The first strategy involved systematic introduction of controlled noise to simulate real-world detection environments. Gaussian white noise was applied to simulate measurement uncertainty, random noise for environmental interference, and periodic noise to account for equipment-related disturbances. The second strategy utilized the auto regressive integrated moving average (ARIMA) model [35] for time series prediction, leveraging the temporal correlations in MCG data across channels. The model was optimized with parameters (p=1, d=0, q=1) determined through ACF and PACF analysis, configured to predict 5ms into the future with a segment length of 10ms. The third strategy employed multiple interpolation methods (cubic spline, polynomial, and linear) to generate intermediate MCG data points, taking advantage of the 49-channel MCG system’s spatial-temporal characteristics and the continuous nature of cardiac signals.
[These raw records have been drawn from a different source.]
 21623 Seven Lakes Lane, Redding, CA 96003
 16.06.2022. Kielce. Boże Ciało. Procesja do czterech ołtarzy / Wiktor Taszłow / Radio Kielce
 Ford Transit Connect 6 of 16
Each augmented CDVM underwent rigorous assessment, including clinical expert validation, to ensure the preservation of diagnostic features. This multi-method approach effectively reduced overfitting while enhancing the model’s generalization capability. An augmented CDVM example is shown in Fig 5.
Example of an augmented CDVM generated by noise addition, ARIMA prediction, and interpolation.
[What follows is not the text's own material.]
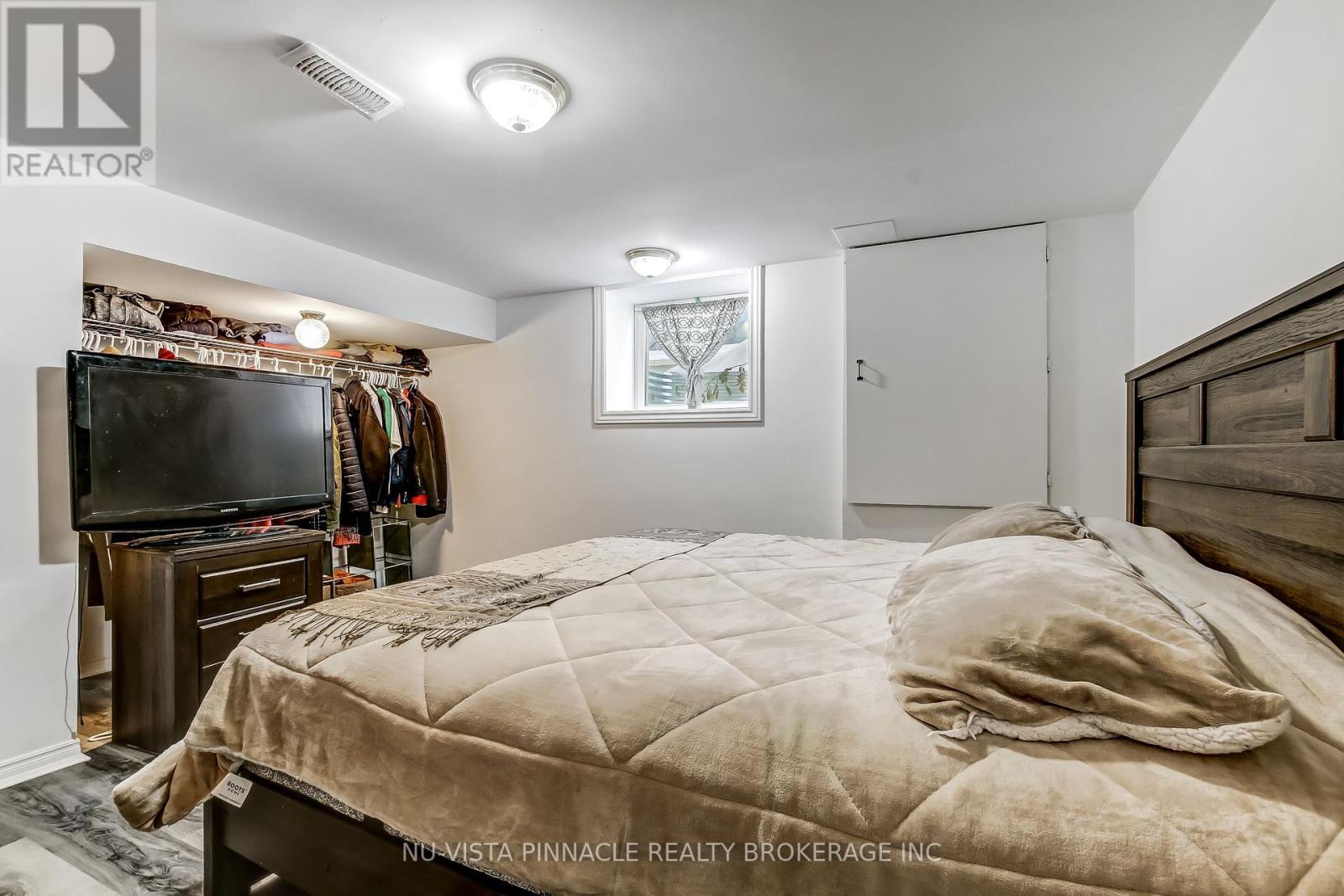 59 THORNCREST CRESCENT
Dataset construction and partition strategy
According to the standardized evaluation system established by clinical experts [21,36], CDVMs are classified into five grades (0-4) based on two critical parameters: the number of vortex structures and the direction of integrated current vectors. Categories 0 and 1 represent normal patterns, category 2 indicates mild abnormality, while categories 3 and 4 signify severe abnormalities, as illustrated in Fig 6. Clinical diagnosis primarily relies on two quantitative indicators: the Average Classification of the Total Current Density Vector Maps (ACTM) and the Ratio of the Number of Abnormal Maps to the Total Number (RAM). A positive diagnosis is typically made when ACTM ≥ 3 or RAM ≥ 0.3, indicating a high frequency of abnormal CDVMs within specific time windows.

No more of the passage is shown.